For one thing, he is a very realistic private investigator, warts and all. Somewhat like Michael Connelly’s Lincoln Lawyer, Mickey Haller. As Boff says in my novel: “… and unlike what you see in movies or read in books, one hundred percent of investigators do not take a case for free because they’re noble and believe in truth, justice, and the American way.”
Boff is also unique because he is happily married, has two kids, lives in the suburbs, barbecues on the deck, and watches sitcoms. He is not a drunk. Or a recovering one. He consumes more junk food than any P.I. in history. Boff basically lives in two worlds: his happy suburban family life, and what he calls the “Dark Side,” where his friends include mobsters, snitches, drug dealers, murderers, and other riff raff that he has helped keep out of jail. A softie at home, hardboiled in the underworld. A man of massive contradictions.
Q: How did you come up with the character?
My P.I. is closely modeled on one of my best friends, Fred, a former crack DEA agent turned high profile private investigator. Fred has told me endless fascinating stories about his days with the agency and his years as a P.I., many of which made their way into “The Hurting Game.” Stuff you just couldn’t make up. Fred is an iconic character, and so is my fictional P.I., unique without being a gimmick character.

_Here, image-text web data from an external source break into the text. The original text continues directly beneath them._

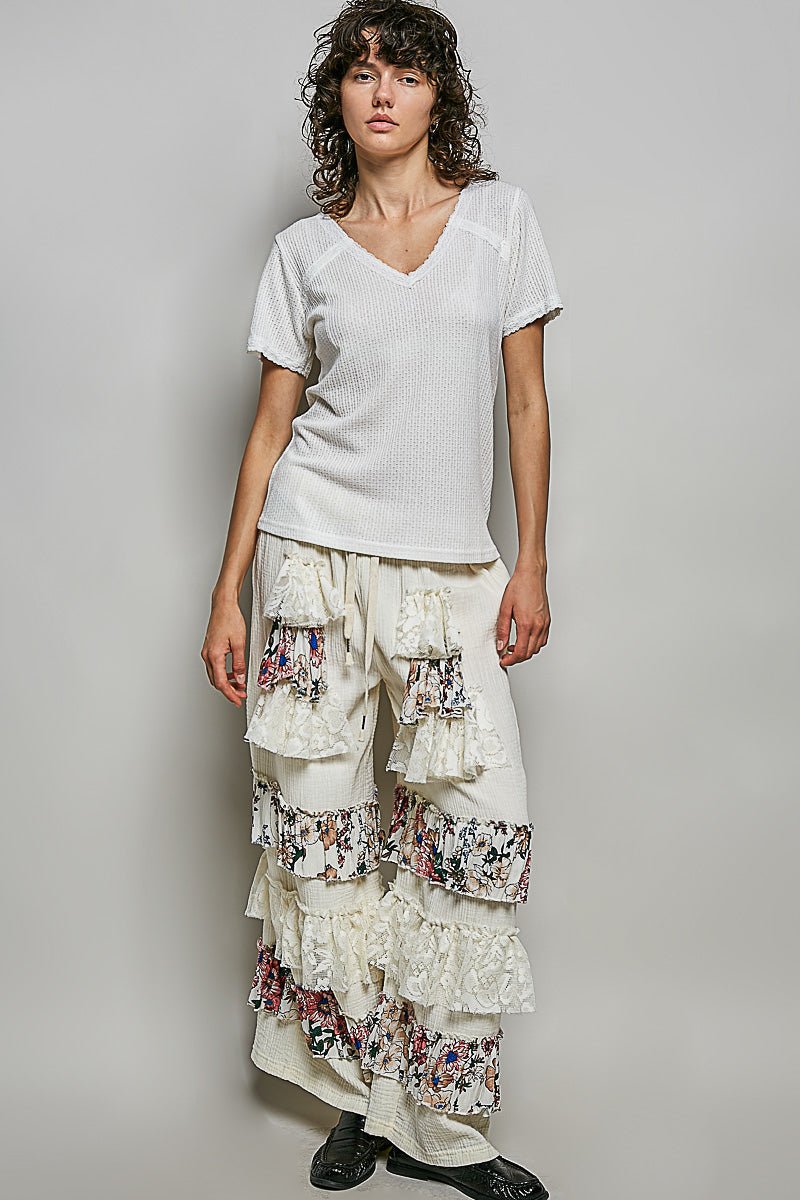 POL Lace Detail V - Neck Short Sleeve Textured T-Shirt - Grace & Grit Boutique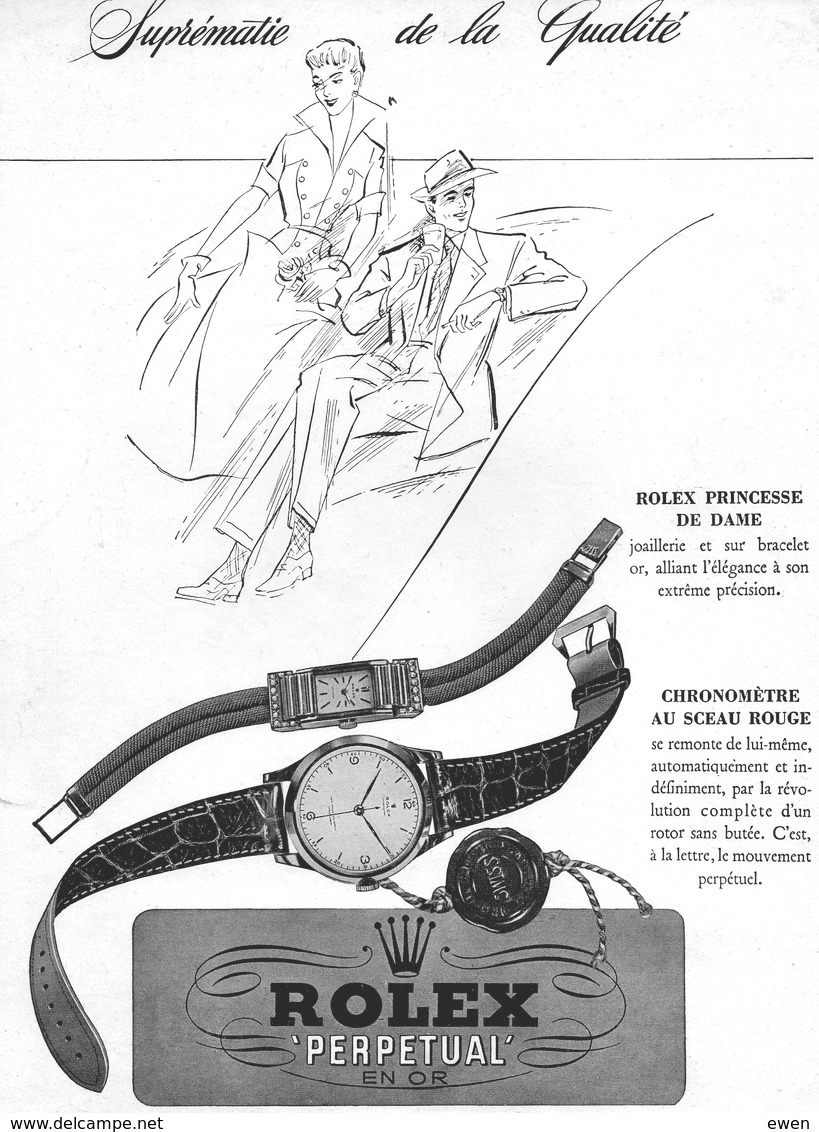 Carton Publicitaire Année 50. Rolex "Perpetual" En Or. - Targhe Di Cartone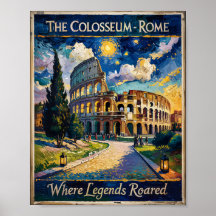 Rome Italië Reizen Colosseum Sterrennacht Van Gogh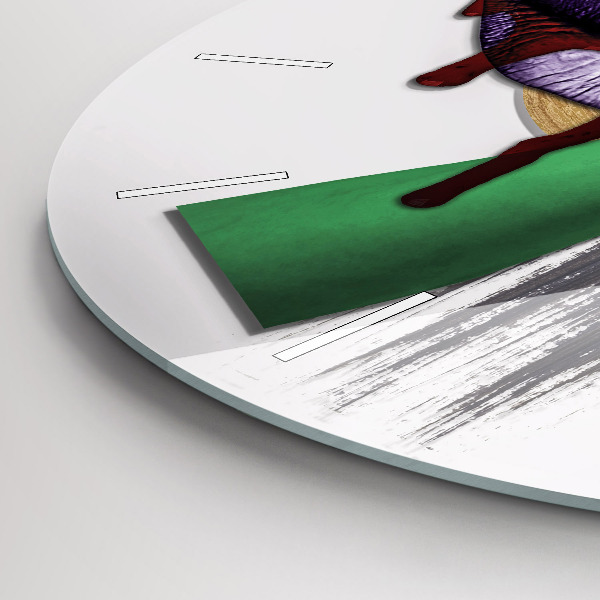 Round glass wall clock Surrealist collage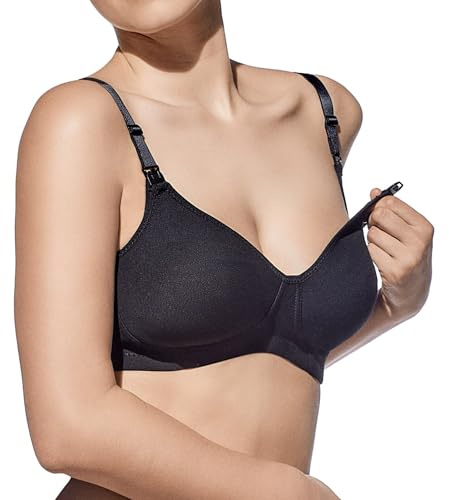 Selene, Sujetador de Lactancia para Mujer en Algodón, Sin Aros ni Relleno, Colección Amanda, Color Negro, Talla 110C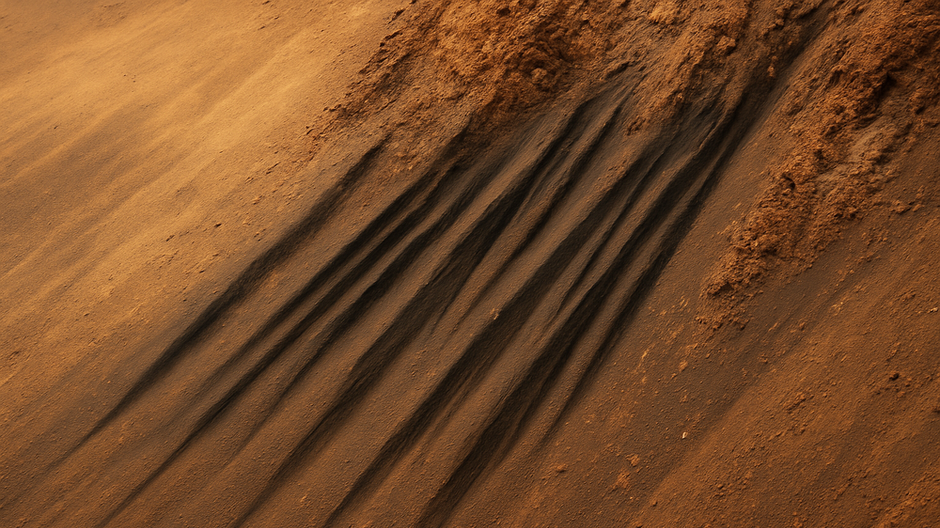 Detailný pohľad na zosuvy tmavého piesku na svahu planéty Mars, ktoré vedci už nepovažujú za dôkaz tekutej vody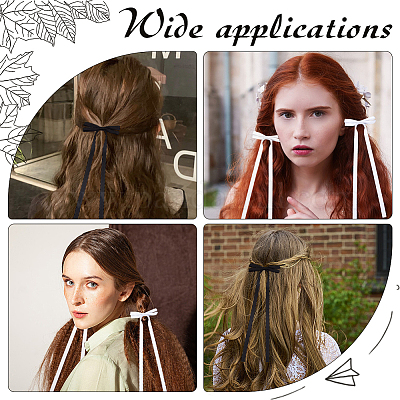 Заколки для волос из кожи аллигатора с большим бантом из полиэстера AJEW-CP0008-39B-1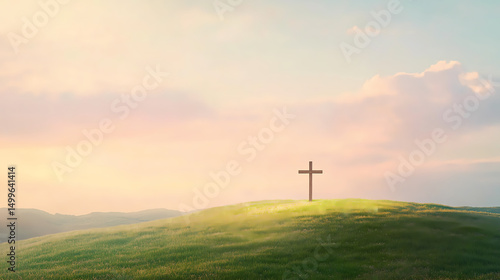 cross on the hill, A single wooden cross standing on an open grassy hill under a wide pastel sky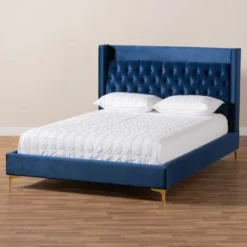 Baxton Studio Contemporary Velvet Upholstered Tufted Glam Platform Bed - Blue - King -Bed Frame Shop e7a0f4f4 cb2e 435f 9f8b 24cd408276fa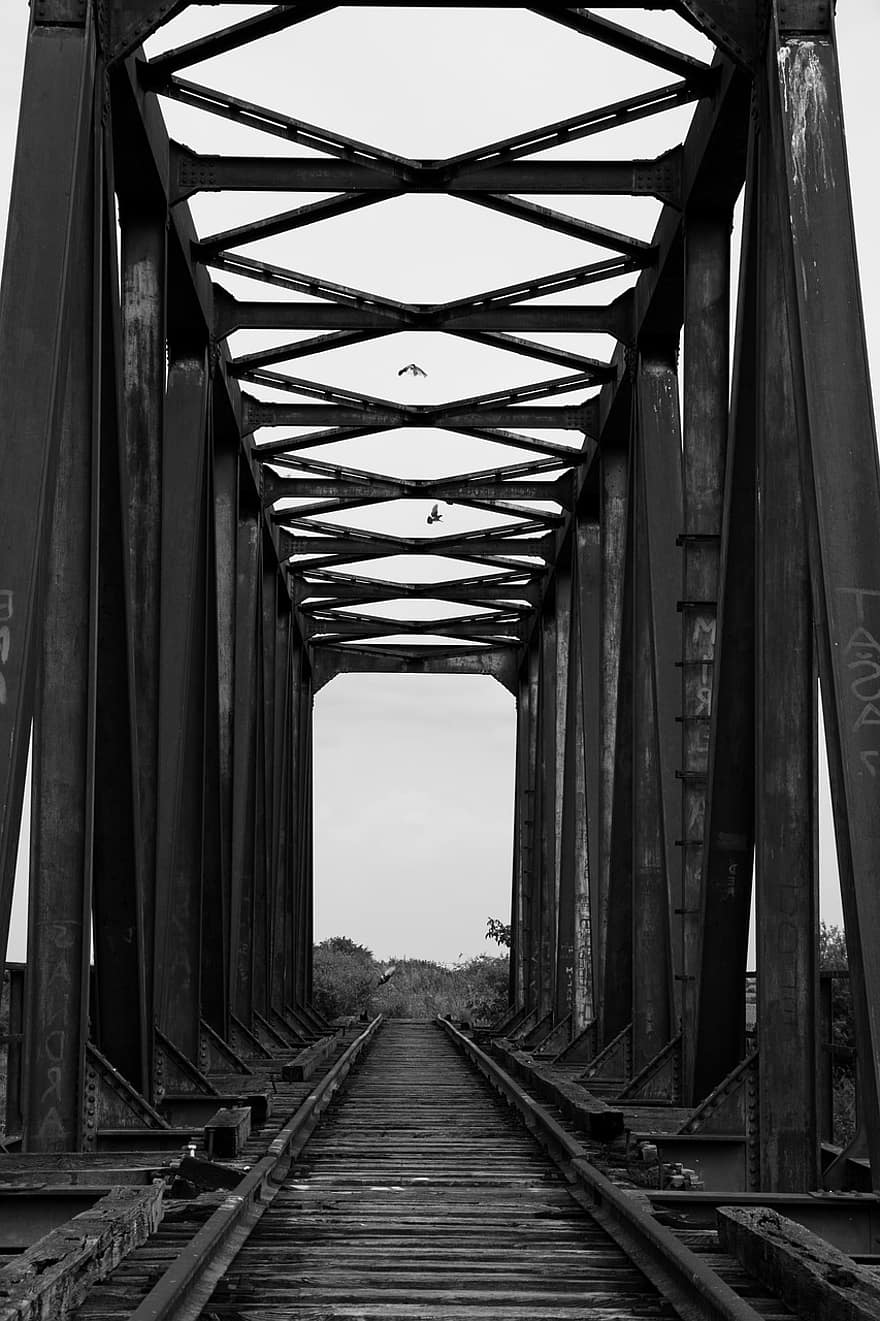 мост, железнодорожный мост, поезд, железная дорога, металл, сталь, архитектура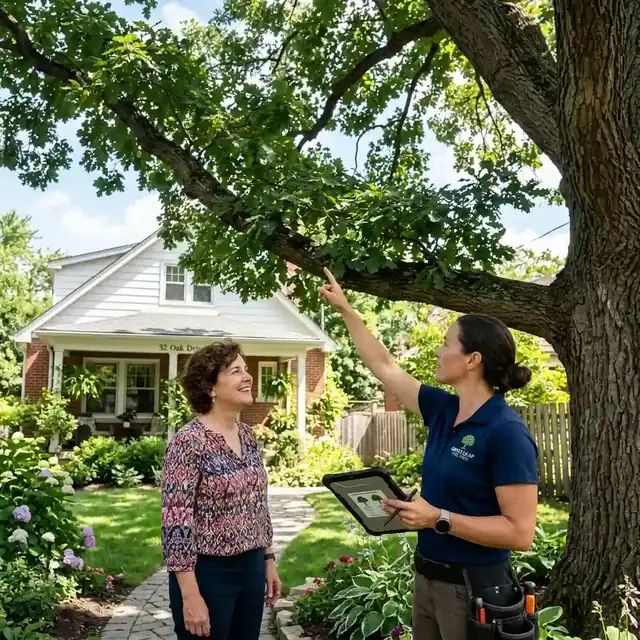 Arborist discussing a mature tree with a homeowner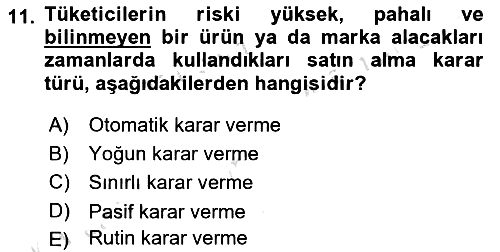 Pazarlama Yönetimi 2019-2020 Ara Sınav - 11. soru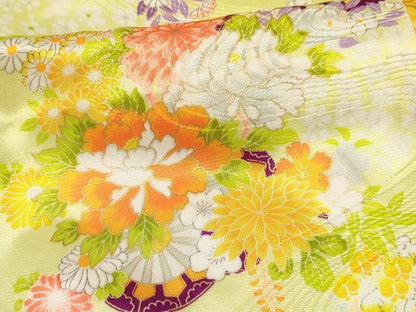 平和屋着物[]七五三　女の子　３歳　祝着　三つ身　花車文　暈し染め　金彩　洗える着物　DAAY3292ma
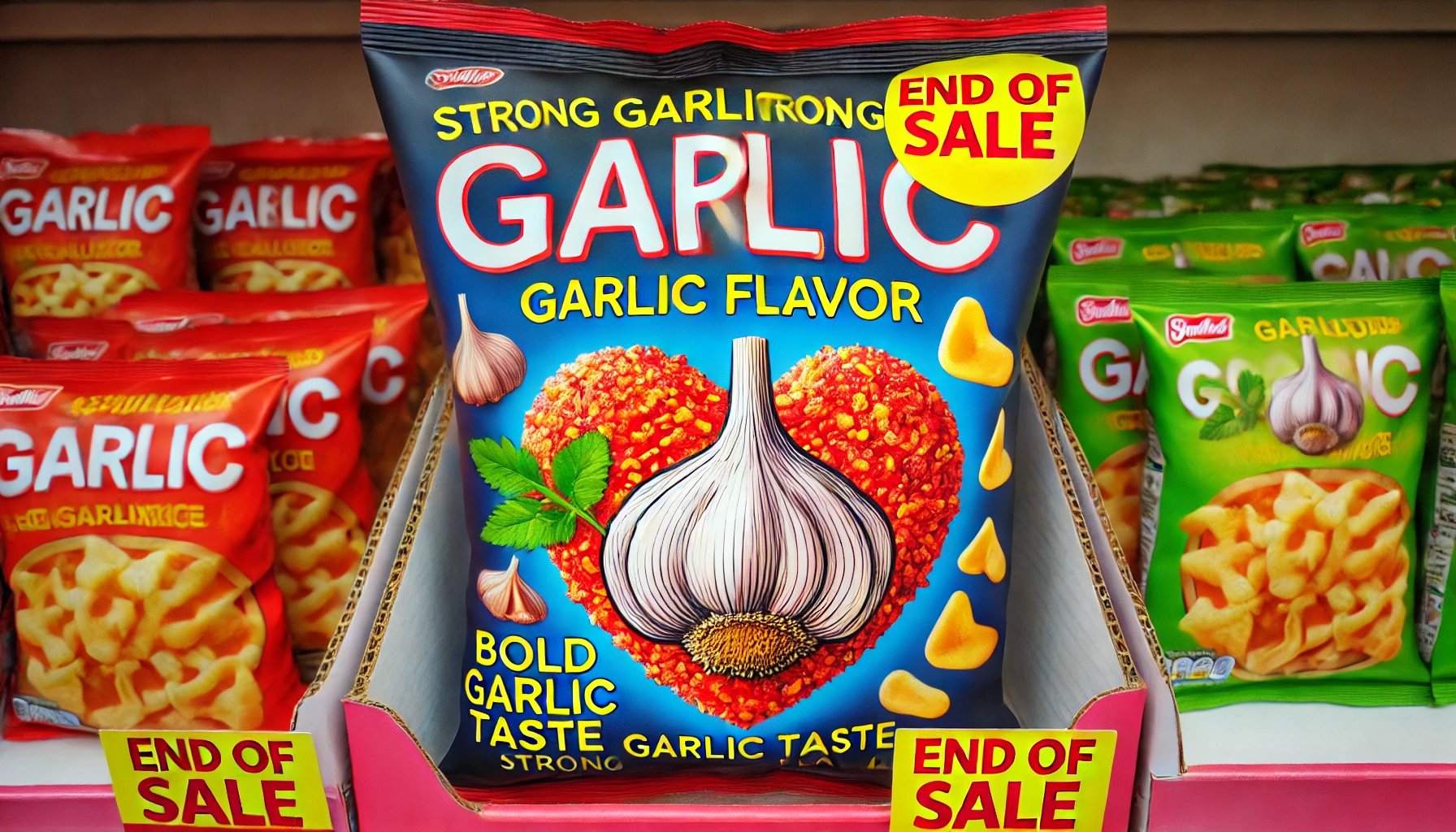 A vibrant photograph showing a unique snack food with strong garlic flavor and heart-shaped design, placed in a store display. The packaging highlights the bold garlic taste and heart shape, with signage that might cause misunderstanding of 'end of sale'.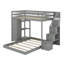 Lit simple superposé au dessus d'un lit double avec tablettes, tiroirs et escaliers-61959664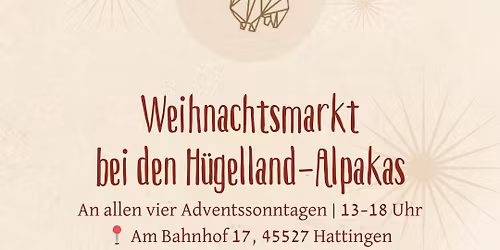 Weihnachtsmarkt bei den H\u00fcgelland-Alpakas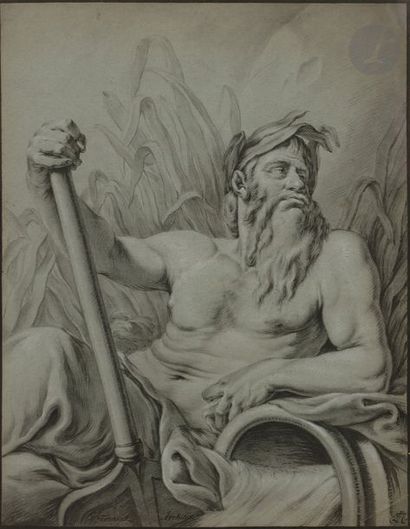 null Hugues TARAVAL (1729 - 1785)
Dieu du fleuve d’après Carle van Loo
Pierre noire,...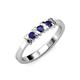 3 - Fiona Blue Sapphire XOXO Three Stone Engagement Ring 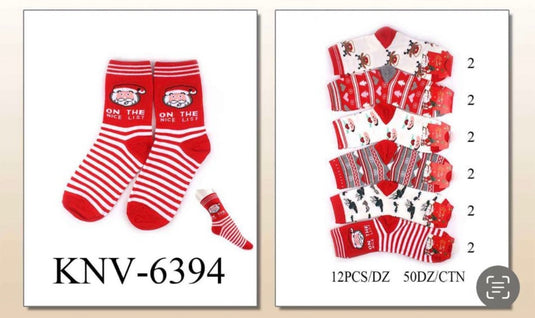 Accessories- Xmas High Socks KNV-6394 (12pc pack)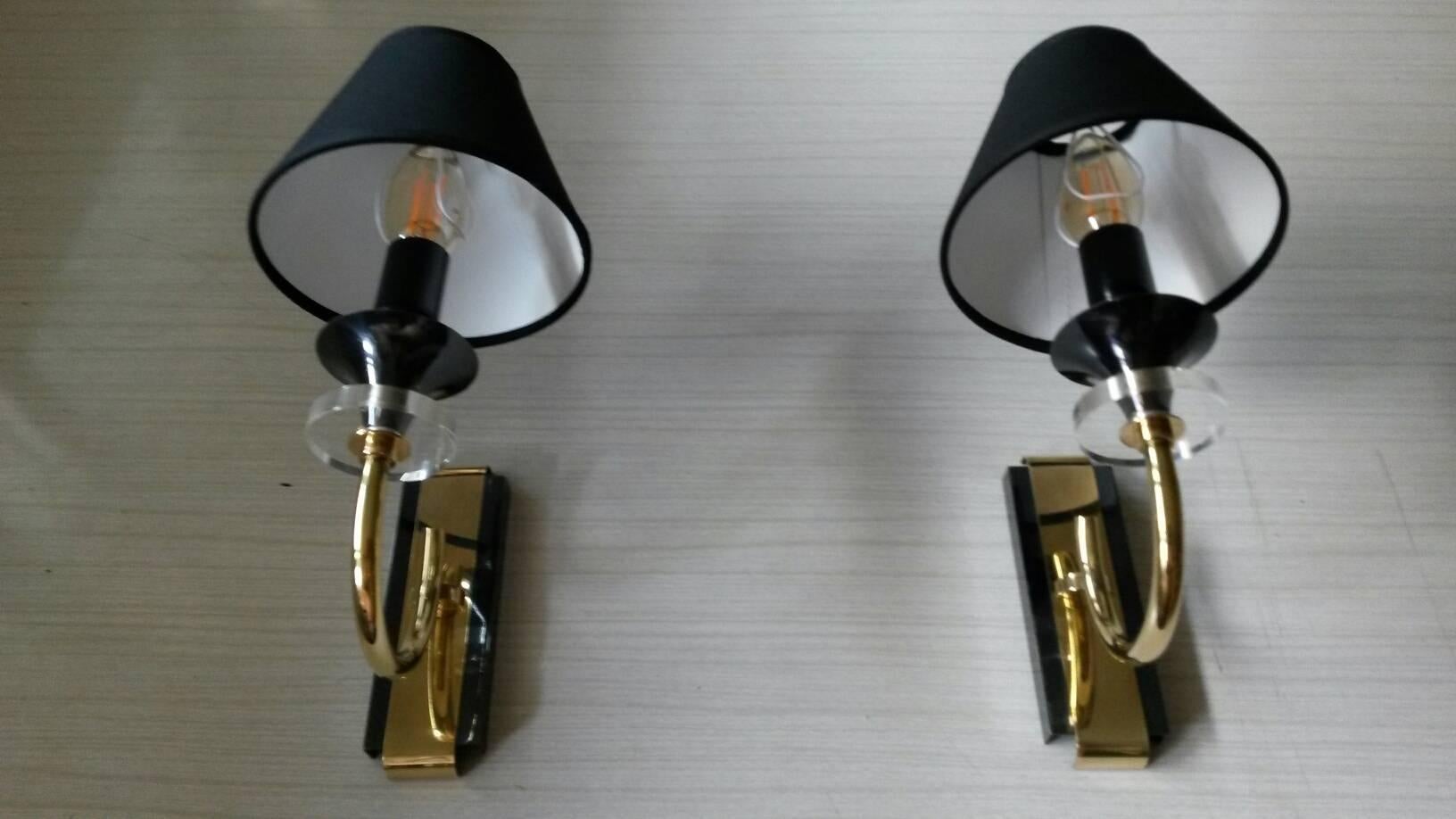 Gilt Pair of French Neoclassical Style Sconces, 1950 For Sale
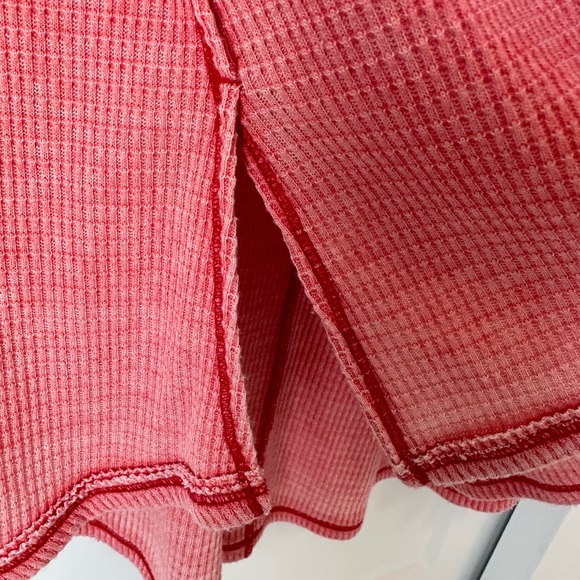 FREE PEOPLE KAI HENLEY BABY DOLL LONG SLEEVE RED SIZE SMALL - Picture 9 of 14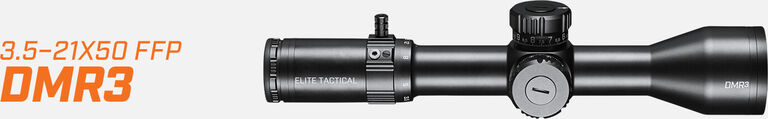 Elite Tactical DMR3 Riflescope on light background Elite Tactical DMR3 Riflescope on light background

Q: What are your thoughts on the whole eBook revolution?
I think it is the natural evolutionary stage of the publishing business. Traditional publishing is a dinosaur and will eventually fade away, a victim of the Internet, social media, and its own stodgy commitment to doing things the way it’s always been done before. Reminds me of what Dylan said in his song, “The Times They Are A Changing:”
Come gather 'round people
Wherever you roam
And admit that the waters
Around you have grown
And accept it that soon
You'll be drenched to the bone.
If your time to you
Is worth savin'
Then you better start swimmin'
Or you'll sink like a stone
For the times they are a-changin'.
Q: What's next for you and Boff?
Boff returns in The Punishing Game, due out in March. Fate conspires to brings Boff to Brooklyn, where he tangles with the biggest and most ruthless street gang in New York, the Bloods, and finds himself tracking down a killer in a dangerous underworld where powerful people are playing a game of high-stakes poker in order to pull off a multi-million dollar scam.
Q: How do you promote your work?
First and foremost, I use social media. I am also fortunate to have spent 19 years as a sportswriter in New York, covering the Yankees, Mets, Knicks and Giants. Most of my writer friends from back then are now all major New York columnists. My friends from the NY Times, NY Post, and The Star-Ledger of Newark read and reviewed my novel. I recently contacted the editor of my old newspaper, The Star-Ledger, and he told me they are going to review my book in their Arts & Entertainment section. The Star-Ledger has a daily circulation of 316,280, and 455,699 on Sunday. Wonderful exposure.
Q: What other genres besides crime do you like?
Thrillers. After a youth spent reading classic literature, for the last 15 years or so I have read nothing but mysteries and thrillers. Love them. I have read virtually every major thriller writer.
Q: What's your idea about the psychotic sidekick in PI novels like Hawk and Joe Pike?
First a sacrilegious admission. Even though a couple reviewers have compared me to Robert B. Parker, I have never read one of his books. So I have no opinion about Hawk. I am a big fan of Joe Pike and the Elvis Cole books. I think Pike is a terrific character, a guy comfortable in his own skin, who knows exactly who he is and has core beliefs he doesn’t stray from. He is a less complex version of another favorite character of mine, Jack Reacher. And by the way, I don’t consider Pike psychotic. Psychotics act on impulses they can’t control. Pike does not.
Q: In the last century we've seen new waves of PI writers, first influenced by Hammett, then Chandler, Macdonald, Parker, later Lehane. Who do you think will influence the coming generation?
I think all of the above will remain influential. I have a young writer friends who love the old masters, even though he is just 29. There are many new writers who, while following the masters, have branched out in their own way. Too many to name. Only time will tell who among the current crop of hardboiled writers will emerge as a major influence on the next generation.
Q: Why do you write in this genre?
Because at heart I am a storyteller, and nobody tells a story better than hardboiled writers and other mystery novelists. The best writers in this genre, then and now, create characters you can follow to the ends of the earth. I also like this genre because besides telling a great story, the writers capture the essence of time and place, the way Chandler did in using Southern California as a backdrop to his mysteries. Critics have said numerous times that Chandler’s portrait of Southern California exceeds Nathanael West’s classic, The Day of the Locust.